To change oversamplingFactor, you can specify it using the fluent API when creating an index:

NamedMap<String, Book> books = session.getMap("books");
books.addIndex(new BinaryQuantIndex<>(Book::getSummaryEmbedding).oversamplingFactor(5));

In the preceding example, this causes the SimilaritySearch aggregator to return and re-score 50 results initially, instead of 30.

Just like with the HNSW index, after you have a Binary Quantization index created and configured, you can simply perform searches the same way as you did previously, using a brute-force search. Coherence will automatically detect it and use it.

Metadata Filtering

In addition to a vector-based similarity search, you can use standard Coherence filters to perform metadata-based filtering of the results. For example, if you wanted to search books by a specific author only, you could specify a metadata filter that the SimilaritySearch aggregator should use in conjunction with a vector similarity search:

var search  = Aggregators.similaritySearch(Book::getSummaryEmbedding, searchVector, 3)
                         .filter(Filters.equal(Book::getAuthor, "Jules Verne"));
var results = books.aggregate(search);

The preceding example should return only the top 3 books written by Jules Verne, sorted according to vector similarity.

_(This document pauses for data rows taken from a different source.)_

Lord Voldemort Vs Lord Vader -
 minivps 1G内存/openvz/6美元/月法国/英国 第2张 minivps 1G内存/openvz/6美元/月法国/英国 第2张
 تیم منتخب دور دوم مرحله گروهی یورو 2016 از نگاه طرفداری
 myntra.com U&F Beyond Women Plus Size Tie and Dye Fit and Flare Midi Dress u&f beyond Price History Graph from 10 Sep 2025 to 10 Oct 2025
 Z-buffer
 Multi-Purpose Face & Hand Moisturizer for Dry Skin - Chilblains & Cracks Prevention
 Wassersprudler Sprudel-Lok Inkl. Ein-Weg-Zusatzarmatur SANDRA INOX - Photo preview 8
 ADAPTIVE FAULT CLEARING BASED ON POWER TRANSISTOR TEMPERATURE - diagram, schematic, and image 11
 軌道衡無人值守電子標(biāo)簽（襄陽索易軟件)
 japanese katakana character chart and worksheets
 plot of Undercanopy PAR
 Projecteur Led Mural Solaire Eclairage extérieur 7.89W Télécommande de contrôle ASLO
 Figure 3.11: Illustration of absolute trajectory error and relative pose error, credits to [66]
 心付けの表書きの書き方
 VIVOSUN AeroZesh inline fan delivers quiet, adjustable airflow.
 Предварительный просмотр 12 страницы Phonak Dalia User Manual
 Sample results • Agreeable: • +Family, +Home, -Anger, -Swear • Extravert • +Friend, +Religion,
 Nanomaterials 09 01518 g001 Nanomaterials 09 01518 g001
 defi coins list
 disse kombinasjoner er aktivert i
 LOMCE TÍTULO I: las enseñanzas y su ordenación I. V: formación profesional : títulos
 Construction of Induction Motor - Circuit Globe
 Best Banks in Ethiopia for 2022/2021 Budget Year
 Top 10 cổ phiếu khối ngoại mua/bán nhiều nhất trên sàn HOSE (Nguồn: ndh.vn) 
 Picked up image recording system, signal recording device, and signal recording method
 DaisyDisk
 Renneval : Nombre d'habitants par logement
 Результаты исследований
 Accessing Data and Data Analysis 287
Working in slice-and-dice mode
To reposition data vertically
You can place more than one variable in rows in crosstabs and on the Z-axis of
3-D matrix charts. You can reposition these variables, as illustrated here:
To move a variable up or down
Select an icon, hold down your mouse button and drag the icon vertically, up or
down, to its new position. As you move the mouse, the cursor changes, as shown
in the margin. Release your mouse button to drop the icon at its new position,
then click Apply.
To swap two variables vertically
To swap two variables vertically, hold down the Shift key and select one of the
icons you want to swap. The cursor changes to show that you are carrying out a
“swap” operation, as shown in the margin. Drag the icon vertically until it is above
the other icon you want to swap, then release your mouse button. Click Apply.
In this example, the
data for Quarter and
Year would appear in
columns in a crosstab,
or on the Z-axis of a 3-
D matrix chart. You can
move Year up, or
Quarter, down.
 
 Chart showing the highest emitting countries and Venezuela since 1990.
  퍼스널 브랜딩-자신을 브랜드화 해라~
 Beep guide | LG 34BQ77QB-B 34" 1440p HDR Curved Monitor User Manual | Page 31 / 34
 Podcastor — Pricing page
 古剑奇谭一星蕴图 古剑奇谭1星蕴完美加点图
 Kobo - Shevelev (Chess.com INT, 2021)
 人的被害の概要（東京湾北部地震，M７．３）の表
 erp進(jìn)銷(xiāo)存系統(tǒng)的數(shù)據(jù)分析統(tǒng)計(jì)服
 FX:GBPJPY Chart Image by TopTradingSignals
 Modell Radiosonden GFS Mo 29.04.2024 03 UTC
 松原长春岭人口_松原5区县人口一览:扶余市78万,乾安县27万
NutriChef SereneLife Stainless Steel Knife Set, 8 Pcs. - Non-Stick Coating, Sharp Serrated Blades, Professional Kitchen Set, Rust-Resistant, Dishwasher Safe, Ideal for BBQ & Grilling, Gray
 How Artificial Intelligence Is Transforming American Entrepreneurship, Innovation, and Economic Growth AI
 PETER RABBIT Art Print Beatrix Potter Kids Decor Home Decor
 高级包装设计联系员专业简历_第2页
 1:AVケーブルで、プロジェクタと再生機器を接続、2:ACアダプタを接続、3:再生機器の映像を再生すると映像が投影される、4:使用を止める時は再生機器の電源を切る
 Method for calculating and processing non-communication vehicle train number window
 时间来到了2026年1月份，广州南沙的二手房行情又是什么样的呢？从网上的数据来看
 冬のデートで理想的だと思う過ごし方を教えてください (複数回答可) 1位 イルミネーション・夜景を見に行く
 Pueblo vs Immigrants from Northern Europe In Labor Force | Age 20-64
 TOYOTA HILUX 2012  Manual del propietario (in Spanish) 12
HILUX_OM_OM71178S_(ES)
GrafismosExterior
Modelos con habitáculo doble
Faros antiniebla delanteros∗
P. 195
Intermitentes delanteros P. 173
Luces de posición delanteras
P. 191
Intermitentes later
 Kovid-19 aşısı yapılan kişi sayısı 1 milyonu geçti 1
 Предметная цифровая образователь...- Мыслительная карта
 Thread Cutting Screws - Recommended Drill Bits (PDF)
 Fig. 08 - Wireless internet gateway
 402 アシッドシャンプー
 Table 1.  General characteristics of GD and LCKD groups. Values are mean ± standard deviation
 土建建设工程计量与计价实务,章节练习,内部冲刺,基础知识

Metadata filtering works the same regardless of whether you use a brute-force or index-based search, and will use any indexes you may have on the metadata attributes on which you are filtering, such as Book::getAuthor in this case, to speed up filter evaluation.

If you are a long-time Coherence user, you may be wondering why we are setting the filter on the aggregator itself and performing a filter evaluation inside the aggregator, instead of using the aggregate method that accepts a filter and allows you to pre-filter the set of entries to aggregate.

The reason is that both vector index implementations need to evaluate the filter internally, and only include the result if it evaluates to true, so the previous example will work in all situations.

However, if you are using a brute-force search, you may achieve the same result, and likely improve performance, by pre-filtering the entries:

var search  = Aggregators.similaritySearch(Book::getSummaryEmbedding, searchVector, 3);
var results = books.aggregate(Filters.equal(Book::getAuthor, "Jules Verne"), search);